Everything from the line containing "Foto van Nissan Juke" through the end of the entries below must be set down exactly, and nothing else.
• • • • • • •
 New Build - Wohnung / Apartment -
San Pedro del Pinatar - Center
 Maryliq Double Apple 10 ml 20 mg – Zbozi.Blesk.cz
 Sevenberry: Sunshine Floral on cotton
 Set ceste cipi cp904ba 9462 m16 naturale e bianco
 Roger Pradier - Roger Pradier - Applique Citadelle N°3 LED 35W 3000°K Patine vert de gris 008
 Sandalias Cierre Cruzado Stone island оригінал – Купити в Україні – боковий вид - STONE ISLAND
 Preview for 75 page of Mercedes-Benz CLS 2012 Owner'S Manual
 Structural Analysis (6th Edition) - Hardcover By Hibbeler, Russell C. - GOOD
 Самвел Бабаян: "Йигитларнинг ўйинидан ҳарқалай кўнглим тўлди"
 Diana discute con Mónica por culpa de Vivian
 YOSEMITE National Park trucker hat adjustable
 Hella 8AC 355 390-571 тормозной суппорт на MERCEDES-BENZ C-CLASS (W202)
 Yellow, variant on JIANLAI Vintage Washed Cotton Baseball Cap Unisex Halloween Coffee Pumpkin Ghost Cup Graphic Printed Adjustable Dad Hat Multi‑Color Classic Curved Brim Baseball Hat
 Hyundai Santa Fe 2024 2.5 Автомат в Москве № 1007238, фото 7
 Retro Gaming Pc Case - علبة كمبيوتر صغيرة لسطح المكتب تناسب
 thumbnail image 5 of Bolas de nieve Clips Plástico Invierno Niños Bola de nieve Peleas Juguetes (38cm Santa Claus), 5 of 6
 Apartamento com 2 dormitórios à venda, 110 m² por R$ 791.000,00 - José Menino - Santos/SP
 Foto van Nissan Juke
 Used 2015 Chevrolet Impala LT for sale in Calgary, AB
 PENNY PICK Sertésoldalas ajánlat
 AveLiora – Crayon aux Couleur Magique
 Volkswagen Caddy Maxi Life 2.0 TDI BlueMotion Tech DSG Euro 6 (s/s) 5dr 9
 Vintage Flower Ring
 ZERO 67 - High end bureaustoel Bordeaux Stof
• • • • • • •
Answer box =>
 Foto van Nissan Juke
 Used 2015 Chevrolet Impala LT for sale in Calgary, AB
 PENNY PICK Sertésoldalas ajánlat
 AveLiora – Crayon aux Couleur Magique
 Volkswagen Caddy Maxi Life 2.0 TDI BlueMotion Tech DSG Euro 6 (s/s) 5dr 9
 Vintage Flower Ring
 ZERO 67 - High end bureaustoel Bordeaux Stof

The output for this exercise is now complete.